In Columbia University’s World Leaders Forum Columbia University

Thursday, September 27, 2012
(Delivered extemporaneously and transcribed.)

President Lee Bollinger;
Members of the Board of Trustees;
Faculty, Administrators, Students;
Distinguished Guests;
My Compatriots here;
Ladies and Gentlemen:

I want you to know that the reputation of Columbia’s sessions like this precedes you. The activism that you show in these meetings, we’re very well aware of, so I’m looking forward to that interactive session once I’ve completed my statement.
Let me first introduce to you those who are with me and are part of my delegation: our Senior Senator, Jewel Howard-Taylor; Minister of Justice, Christiana Tah; Minister of Planning and Finance, Amara Konneh; Chief of Protocol, David Anderson; Director of Communications, Shirley Brownell; Minister of Education; Minister of Information, Culture and Tourism; and the Deputy Protocol Officer. Right back of them there’s an Assistant Minister of Information, the Press Secretary, and independent press people.

We bring you greetings from the Government and people of Liberia, and, I’d like to thank you for this opportunity to be here.

Had you invited me to speak about Liberia less than a decade ago, our discussion would have centered on what is today described as “a failed state.”  As recently as 2003, our country was the poster child of failed statehood, having reached the point where Liberians travelling abroad were ashamed to carry our passport.  Today, thanks to the resilience of our people, their hard work and our commitment to move forward, Liberia has turned the corner. To get to where we were today, we received much appreciated support from the international community, enabling us to embark upon the transformative agenda that is now under way.
Looking at our own recent history, the topic of the conversation today is how do you move from a failed state to a fragile state, and from a fragile state to a competitive state in the process of transformation.

As you well know, a failed state is one where governing mechanisms which provide the well-being of the people have broken down; the security apparatus meant to protect them is dysfunctional; the economy is at the mercy of predators; and social services have crumbled. That’s where we were.

The transformative process for Liberia started with the Accra Peace Accord in 2003. We had then three years of a transition period of mixed results; successful in maintaining the peace, in starting the operation of institutions, but hardly moving the country much further because of the interplay of those that were part of the transition, representing those that came from different factions, all having to collaborate to be able to move toward a modern state. 

From the transition, when this administration came into power in January 2006, we started what we called the period of stabilization, and one of the key things we did was to establish four pillars under the Poverty Reduction Strategy. The pillars were: peace and stability; economic reconstruction; governance and the rule of law; infrastructure and basic services.
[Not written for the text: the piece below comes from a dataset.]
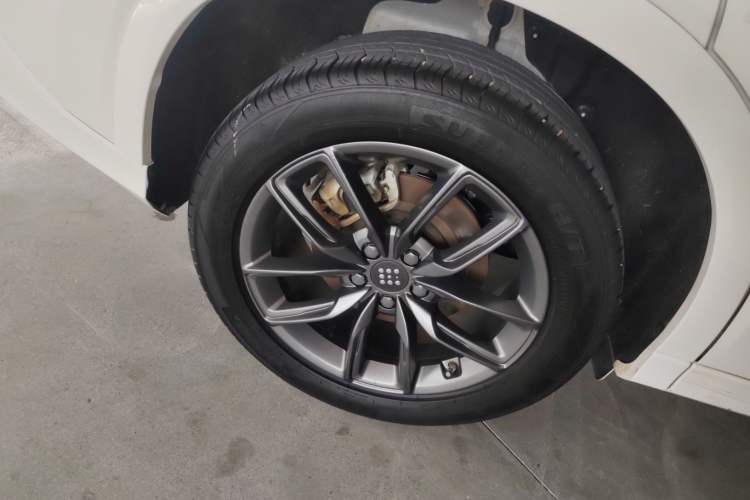 Used Landian E5 2023 1.5L DE-i 100KM Enjoyment Version 5 Seats Right Rear Wheel Hub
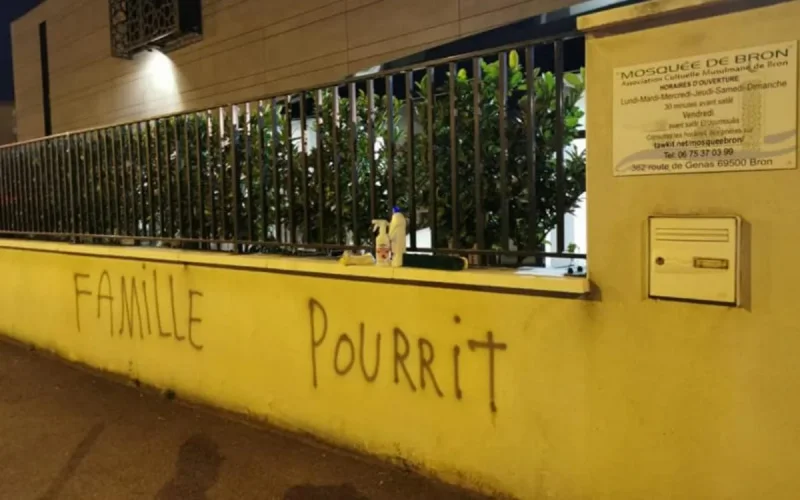 Une mosquée de Lyon cible de tags islamophobes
Under the peace and security sector, we had to deal with an army that largely comprised people from different warring factions. And so it meant disbanding the entire army, starting all over, setting admission criteria which would allow only those with a certain level of education. With the support of the U.S., that process has now produced a 2,000-person well-trained, professional new army. It also meant the rest of the security sector, such as the police, the immigration and others, putting them through rigid training programs to enable them to prepare themselves to protect the security of the state.  At the same time, we had a UN peacekeeping force, one of the highest in the world at the time, 14,000; today, down to 7,000 and, in the period of drawdown, within 3-5 years, will see them depart and, at that time, hopefully, we’ll be in the position and have the capacity to take it on ourselves.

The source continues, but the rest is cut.